Books I’ve always thought that the way to tell if you’ve become a lifelong fan of something is if you can see which parts of it are a bit rubbish. Guardianista Emma Brockes spends an awful lot of her book What Would Barbra Do? listing the kinds of musicals she loathes and exactly why, an overblown chorus here, piss poor plotting there. She hates Rent (we’ll forgive her) and the movie version of Phantom of the Opera but has a surprising amount of time for the stage version. Yet, because she’s a fan, she slates them with a passionate intelligence, explaining perfectly convincingly why they don’t work and throughout you can see that she probably still loves them for all that. She says The Sound of Music isn’t her favourite piece of work but still takes the pilgrimage to Saltzburg to see where the exteriors were shot (which is one of the funniest parts of the books as she describes in agonising detail the other tourists accompanying her on the coach).

I've written before about where I stand with musicals; the bullet points are: love Sondheim, love Rogers and Hammerstein, love Porter, love Coward, love Whedon, hate Lloyd-Webber. Brockes caught the bug in childhood through weekly trips to the west end with her mother and a school friend through their mutual love of Mary Poppins, but it was really during her teenage years that she realised that no other genre would be quite as inspiring, that Rogers and Hammerstein rocked her showboat more than the top forty and indie. The book is mostly a memoir, charting that interest into adulthood and a hundred nights at the theatre or in front of the tv watching fledgling actresses within the fiction and not, expressing their emotion in song. Threaded in between are ruminations on why some men hate musicals, why a lot of women love them and why the worst place to see most of them is in a theatre with people who are clearly agnostic.

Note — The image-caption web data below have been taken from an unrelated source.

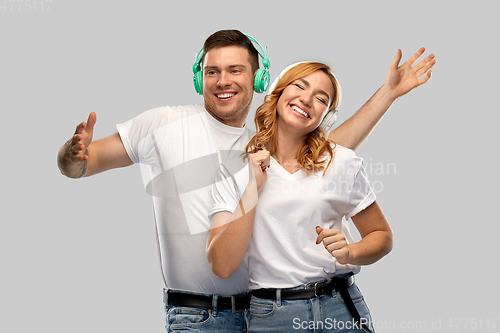 Image of happy couple in headphones dancing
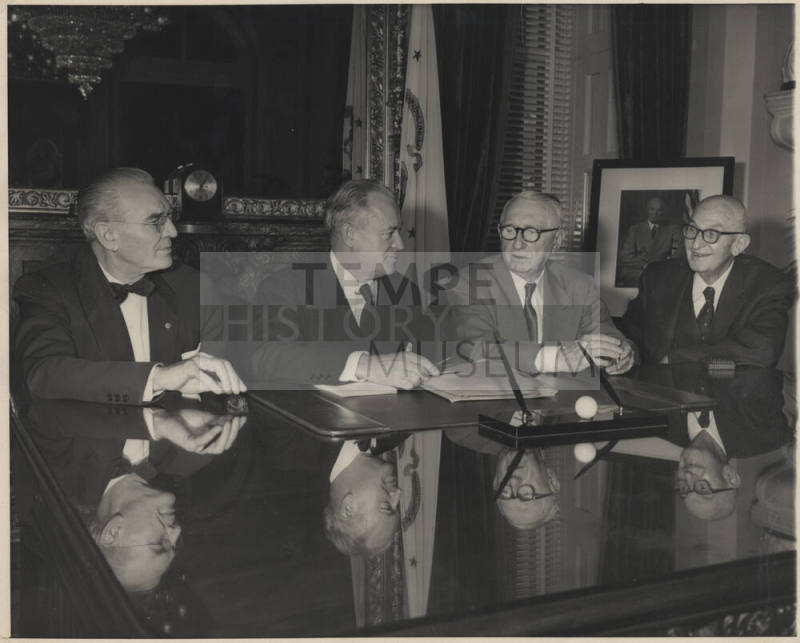 Four Men seated at Glass-Topped Desk, Hayden at Eight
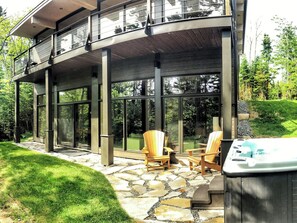 A modern house with a stone patio, outdoor seating, and a hot tub. - Le Charlevoix - Résidences boutique (Petite-Rivière-Saint-François)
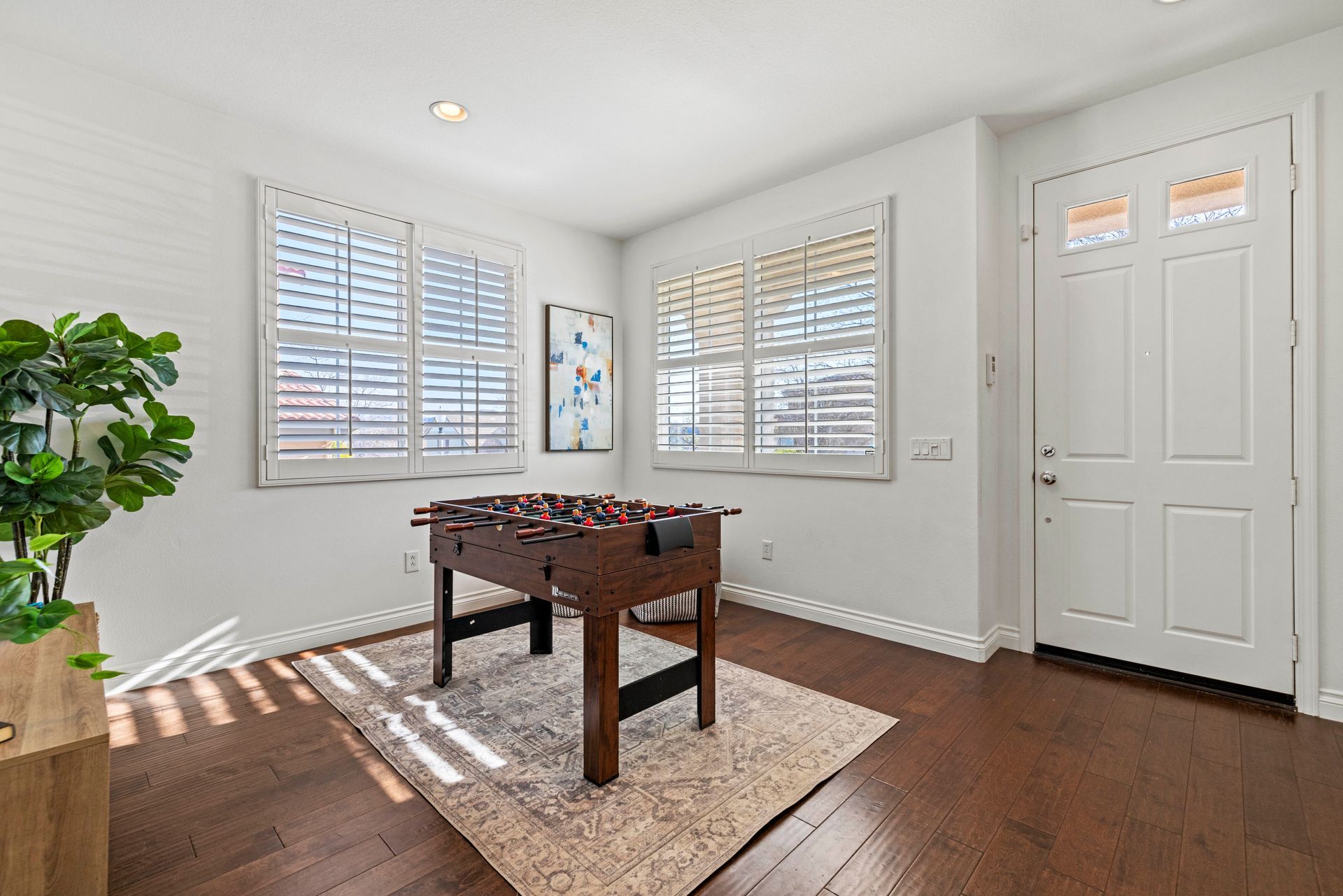 Game room with a foosball table, flat-screen television, wall decor, and indoor plants.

The interviews are best. She meets a Streisand impersonator who's perennially disappointed by his idol and one of Mickey Rooney’s many sons (the actor has had eight wives) himself a choreography but whose life story, spread across four pages is too much of an exciting left turn to be spoiled here. There’s also a wonderful encounter with Lemmy from Motorhead (of all people), where he gives his own sweary opinion of the genre. But there’s not really a dull passage; Brockes offers a ramshackle collection of stories and analyses that are far more engaging than a definitive history might have been and even when she’s offering little more than a synopsis you get the impression that its probably as entertaining as the musical itself (thank god I’ll never have to watch Xanadu now). It’s like spending an evening having a once sided conversation with a friend and you don’t notice you’re not actually speaking because you’re enjoying yourself so much. In other words, even if you don’t quite share the writer’s passion for musicals, by the end you’re dying to see a lot more of them.